* **YOUR INSTRUCTIONS**
The records below hold a stretch from the line with "an emerald and" through the line with "a front view"; return exactly those lines, ends included, and nothing more.

* **SUPPLIED ENTRIES**
+ + + +

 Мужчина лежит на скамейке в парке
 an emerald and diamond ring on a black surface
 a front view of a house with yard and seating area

+ + + +

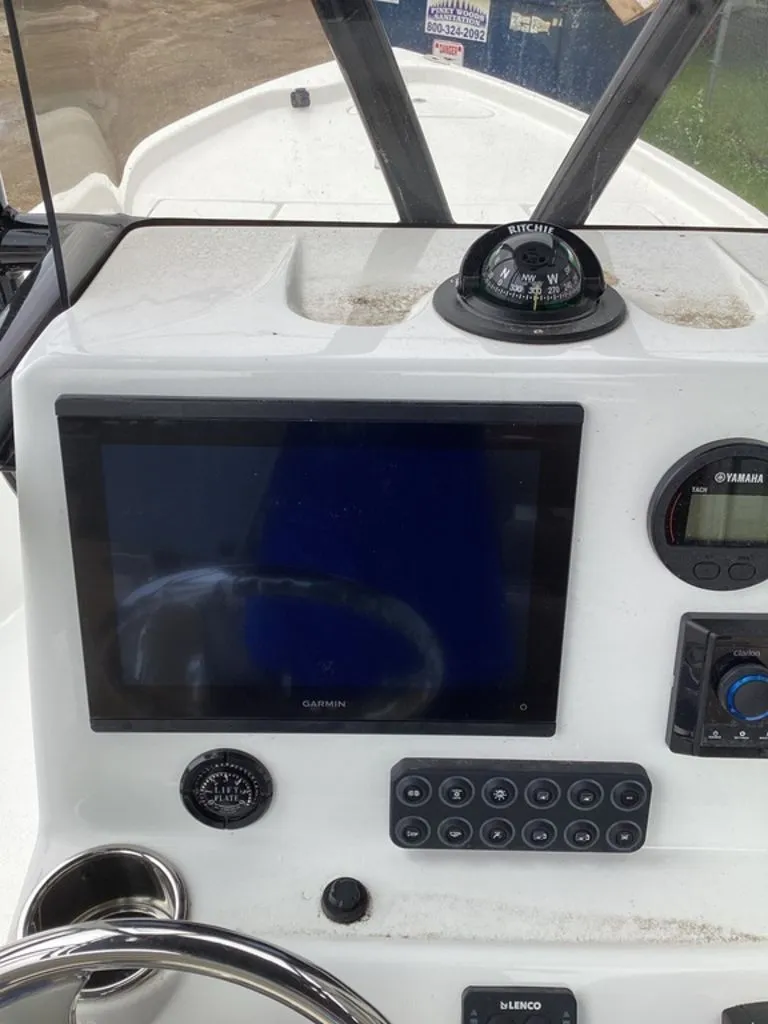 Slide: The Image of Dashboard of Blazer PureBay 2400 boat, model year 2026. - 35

+ + + +

* **ANSWER TO THE PROBLEM**
 an emerald and diamond ring on a black surface
 a front view of a house with yard and seating area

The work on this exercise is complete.